If you've gotten carried away and joined in the complaining about the size of bankers' bonuses, Independent columnist Mark Steel has some sobering thoughts for you.

I WONDER how useless you have to be as a banker before they don't give you a bonus.

If you turned up for work drunk on Special Brew and Dubonnet, and wet yourself over the computers, causing the FTSE stock index to short circuit, bankrupting Brazil and forcing the Ministry of Defense to pawn its tanks at a Cash Converters in Southend, maybe they'd say: "You get just half a million this year, until you wipe yourself down with a sponge."

If you make a speech at the annual general meeting of the company in which you accidentally summon the Prince of Darkness to consume Norfolk in a ball of evil, leading to a catastrophic collapse in the supply of mustard, does the bonus get delayed half an hour as punishment?

If you lose £50 million by granting mortgages to caterpillars or lose £60 million by lending someone the money to set up a Jimmy Savile theme park that incurs unexpectedly low profits in its first quarter, is your bonus docked to £999,980, instead of the full million?


THIS MIGHT even be a step in a rational direction after Royal Bank of Scotland (RBS) announced multimillion-pound, 200 percent bonuses in a year when the bank was done for deliberately bankrupting its clients by refusing them loans at critical moments so that it could swipe their assets.

A branch of the Royal Bank of Scotland
A branch of the Royal Bank of Scotland (David Edgar)
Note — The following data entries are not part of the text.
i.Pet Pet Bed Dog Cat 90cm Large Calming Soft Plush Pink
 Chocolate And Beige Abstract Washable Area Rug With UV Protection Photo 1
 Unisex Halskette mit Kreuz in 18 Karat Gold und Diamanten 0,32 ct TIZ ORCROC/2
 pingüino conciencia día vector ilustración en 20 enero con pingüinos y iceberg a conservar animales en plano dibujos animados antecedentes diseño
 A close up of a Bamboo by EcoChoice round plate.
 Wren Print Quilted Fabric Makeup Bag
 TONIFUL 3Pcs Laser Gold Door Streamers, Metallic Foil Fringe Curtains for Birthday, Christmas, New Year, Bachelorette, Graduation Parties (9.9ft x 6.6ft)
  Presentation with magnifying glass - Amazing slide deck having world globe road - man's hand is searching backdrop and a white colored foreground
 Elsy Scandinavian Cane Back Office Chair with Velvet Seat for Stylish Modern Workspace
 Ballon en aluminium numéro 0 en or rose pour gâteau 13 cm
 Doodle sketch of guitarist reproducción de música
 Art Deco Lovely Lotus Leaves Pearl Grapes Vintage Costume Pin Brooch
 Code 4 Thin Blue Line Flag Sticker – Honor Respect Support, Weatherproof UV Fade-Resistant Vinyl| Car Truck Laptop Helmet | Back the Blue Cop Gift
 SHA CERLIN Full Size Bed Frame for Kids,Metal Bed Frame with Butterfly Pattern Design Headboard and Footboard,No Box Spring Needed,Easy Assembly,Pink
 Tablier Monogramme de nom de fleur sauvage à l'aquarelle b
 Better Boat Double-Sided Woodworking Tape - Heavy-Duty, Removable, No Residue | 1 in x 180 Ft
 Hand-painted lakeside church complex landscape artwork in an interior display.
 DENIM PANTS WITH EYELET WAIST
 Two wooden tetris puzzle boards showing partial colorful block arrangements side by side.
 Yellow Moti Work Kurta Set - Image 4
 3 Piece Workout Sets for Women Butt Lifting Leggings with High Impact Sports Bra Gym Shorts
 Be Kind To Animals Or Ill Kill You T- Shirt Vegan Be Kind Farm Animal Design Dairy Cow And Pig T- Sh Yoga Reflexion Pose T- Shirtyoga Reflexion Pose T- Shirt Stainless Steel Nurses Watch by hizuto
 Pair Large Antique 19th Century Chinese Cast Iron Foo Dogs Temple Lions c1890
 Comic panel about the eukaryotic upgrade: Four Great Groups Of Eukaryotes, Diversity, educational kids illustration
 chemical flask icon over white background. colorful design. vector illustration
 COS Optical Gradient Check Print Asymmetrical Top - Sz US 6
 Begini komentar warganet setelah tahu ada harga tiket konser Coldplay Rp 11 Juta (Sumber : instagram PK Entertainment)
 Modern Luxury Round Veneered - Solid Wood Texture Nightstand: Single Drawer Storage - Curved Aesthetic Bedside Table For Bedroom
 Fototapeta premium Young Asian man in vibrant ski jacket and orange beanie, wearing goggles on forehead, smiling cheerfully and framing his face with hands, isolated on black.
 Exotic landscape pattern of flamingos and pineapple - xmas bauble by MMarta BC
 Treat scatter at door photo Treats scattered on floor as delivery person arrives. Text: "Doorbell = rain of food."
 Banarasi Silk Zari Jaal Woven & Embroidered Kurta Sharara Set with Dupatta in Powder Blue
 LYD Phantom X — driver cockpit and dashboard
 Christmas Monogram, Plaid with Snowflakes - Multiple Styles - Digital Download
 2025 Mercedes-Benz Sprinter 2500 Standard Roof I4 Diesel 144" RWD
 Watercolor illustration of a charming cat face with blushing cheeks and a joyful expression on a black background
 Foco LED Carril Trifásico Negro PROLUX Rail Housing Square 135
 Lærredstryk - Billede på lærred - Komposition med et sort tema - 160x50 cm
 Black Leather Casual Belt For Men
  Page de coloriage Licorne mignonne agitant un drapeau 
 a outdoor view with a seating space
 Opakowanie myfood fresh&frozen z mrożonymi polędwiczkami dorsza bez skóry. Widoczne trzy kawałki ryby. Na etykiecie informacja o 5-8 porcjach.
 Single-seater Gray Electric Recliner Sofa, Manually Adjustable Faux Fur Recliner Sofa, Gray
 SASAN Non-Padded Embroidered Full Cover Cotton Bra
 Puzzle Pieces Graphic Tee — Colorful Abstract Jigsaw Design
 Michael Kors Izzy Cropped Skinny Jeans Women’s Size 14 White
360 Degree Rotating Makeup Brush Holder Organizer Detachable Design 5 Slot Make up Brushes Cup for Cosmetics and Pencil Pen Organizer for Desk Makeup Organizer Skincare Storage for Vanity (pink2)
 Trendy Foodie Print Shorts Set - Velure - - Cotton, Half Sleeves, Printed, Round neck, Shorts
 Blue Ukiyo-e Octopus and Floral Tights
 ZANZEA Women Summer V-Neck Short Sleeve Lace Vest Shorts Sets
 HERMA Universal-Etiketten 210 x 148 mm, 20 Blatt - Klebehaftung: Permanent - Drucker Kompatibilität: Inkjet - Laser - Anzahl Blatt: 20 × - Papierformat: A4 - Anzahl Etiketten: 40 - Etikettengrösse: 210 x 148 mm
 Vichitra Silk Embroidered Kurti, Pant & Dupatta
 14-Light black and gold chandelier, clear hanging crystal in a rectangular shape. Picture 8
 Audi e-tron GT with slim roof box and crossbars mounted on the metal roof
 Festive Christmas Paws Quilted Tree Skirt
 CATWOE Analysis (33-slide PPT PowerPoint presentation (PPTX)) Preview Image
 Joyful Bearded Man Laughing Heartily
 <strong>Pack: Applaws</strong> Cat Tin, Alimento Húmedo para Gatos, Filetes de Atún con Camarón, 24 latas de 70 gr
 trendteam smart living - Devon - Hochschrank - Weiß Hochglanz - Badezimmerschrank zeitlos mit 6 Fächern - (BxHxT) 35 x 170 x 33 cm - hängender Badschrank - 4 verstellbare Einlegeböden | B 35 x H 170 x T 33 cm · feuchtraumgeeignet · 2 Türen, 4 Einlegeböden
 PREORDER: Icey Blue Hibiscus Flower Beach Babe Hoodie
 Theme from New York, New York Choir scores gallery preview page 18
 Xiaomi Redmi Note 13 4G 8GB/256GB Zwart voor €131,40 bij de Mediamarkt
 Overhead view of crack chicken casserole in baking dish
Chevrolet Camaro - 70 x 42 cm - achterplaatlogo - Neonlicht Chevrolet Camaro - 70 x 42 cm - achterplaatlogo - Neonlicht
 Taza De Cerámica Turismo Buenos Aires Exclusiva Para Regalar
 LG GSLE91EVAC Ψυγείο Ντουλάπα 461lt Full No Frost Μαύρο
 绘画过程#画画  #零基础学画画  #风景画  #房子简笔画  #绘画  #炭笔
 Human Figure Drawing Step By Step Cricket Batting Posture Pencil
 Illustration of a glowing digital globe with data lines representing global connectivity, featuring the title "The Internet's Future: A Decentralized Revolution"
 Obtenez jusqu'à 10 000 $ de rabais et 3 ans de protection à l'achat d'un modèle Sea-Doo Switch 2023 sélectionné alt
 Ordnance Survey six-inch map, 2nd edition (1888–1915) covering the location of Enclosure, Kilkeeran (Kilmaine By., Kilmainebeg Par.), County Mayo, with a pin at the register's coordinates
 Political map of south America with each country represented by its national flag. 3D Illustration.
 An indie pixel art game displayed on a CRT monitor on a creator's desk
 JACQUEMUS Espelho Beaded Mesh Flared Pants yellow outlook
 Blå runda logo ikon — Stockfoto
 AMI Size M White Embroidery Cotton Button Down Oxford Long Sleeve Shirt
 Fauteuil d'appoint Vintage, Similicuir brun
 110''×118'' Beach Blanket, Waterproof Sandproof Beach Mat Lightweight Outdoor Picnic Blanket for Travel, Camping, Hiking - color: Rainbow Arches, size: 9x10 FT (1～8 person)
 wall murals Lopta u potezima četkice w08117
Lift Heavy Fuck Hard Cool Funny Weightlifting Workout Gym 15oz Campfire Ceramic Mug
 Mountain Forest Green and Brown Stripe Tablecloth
But this, apparently, is why the bonuses need to be so high--as an incentive to maximize the bank's profits, which will benefit all of us. So we should give them even bigger bonuses--then they'll have the incentive to bankrupt all of us, until we're sold as galley slaves on ships owned by RBS. Then we'll all have played our part in reviving the economy, contentedly rowing while singing the old galley slave ditty: "Mister Goodwin wouldn't loan us / Fifty quid out of his bonus / So now his mates all own us / To-ra-lo-ra-lo-ra-ay."

Many of the RBS new-year bonuses amount to double the banker's annual salary, so if they're paid a million a year, then the bonus is 2 million.

I suppose this reflects the fact that January is an expensive time. First, there's the extra heating; then, with the dark nights, the kids get bored and want a panda or a hovercraft; and with the football transfer window open, you can't resist buying a central midfielder (with pace, who can hold the ball up) as someone to help sweep the leaves. These costs all add up.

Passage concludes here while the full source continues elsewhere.